**Aim of the task:**
Below this sentence is a listing; return exactly its lines from the one with "So we're going" to the one with "Once you hit", both kept, and nothing more.

**** Data for analysis

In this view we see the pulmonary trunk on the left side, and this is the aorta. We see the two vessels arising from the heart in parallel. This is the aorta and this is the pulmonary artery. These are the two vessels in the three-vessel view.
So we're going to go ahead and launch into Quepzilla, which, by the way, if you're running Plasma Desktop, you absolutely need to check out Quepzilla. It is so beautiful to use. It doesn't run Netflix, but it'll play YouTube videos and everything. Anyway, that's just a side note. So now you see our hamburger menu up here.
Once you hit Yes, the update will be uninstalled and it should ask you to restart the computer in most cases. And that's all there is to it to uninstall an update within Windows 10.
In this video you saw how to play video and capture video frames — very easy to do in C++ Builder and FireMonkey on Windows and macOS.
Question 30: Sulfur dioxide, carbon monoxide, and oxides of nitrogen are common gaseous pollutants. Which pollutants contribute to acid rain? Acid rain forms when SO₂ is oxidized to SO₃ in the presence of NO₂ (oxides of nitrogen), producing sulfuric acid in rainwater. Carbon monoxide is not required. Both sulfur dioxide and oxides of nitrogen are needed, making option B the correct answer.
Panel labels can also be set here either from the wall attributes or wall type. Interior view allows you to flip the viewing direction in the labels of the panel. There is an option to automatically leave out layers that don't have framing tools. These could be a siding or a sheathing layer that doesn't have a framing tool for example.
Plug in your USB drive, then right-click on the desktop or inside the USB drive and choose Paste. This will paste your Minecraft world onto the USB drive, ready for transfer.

********

**Response to the exercise:**
So we're going to go ahead and launch into Quepzilla, which, by the way, if you're running Plasma Desktop, you absolutely need to check out Quepzilla. It is so beautiful to use. It doesn't run Netflix, but it'll play YouTube videos and everything. Anyway, that's just a side note. So now you see our hamburger menu up here.
Once you hit Yes, the update will be uninstalled and it should ask you to restart the computer in most cases. And that's all there is to it to uninstall an update within Windows 10.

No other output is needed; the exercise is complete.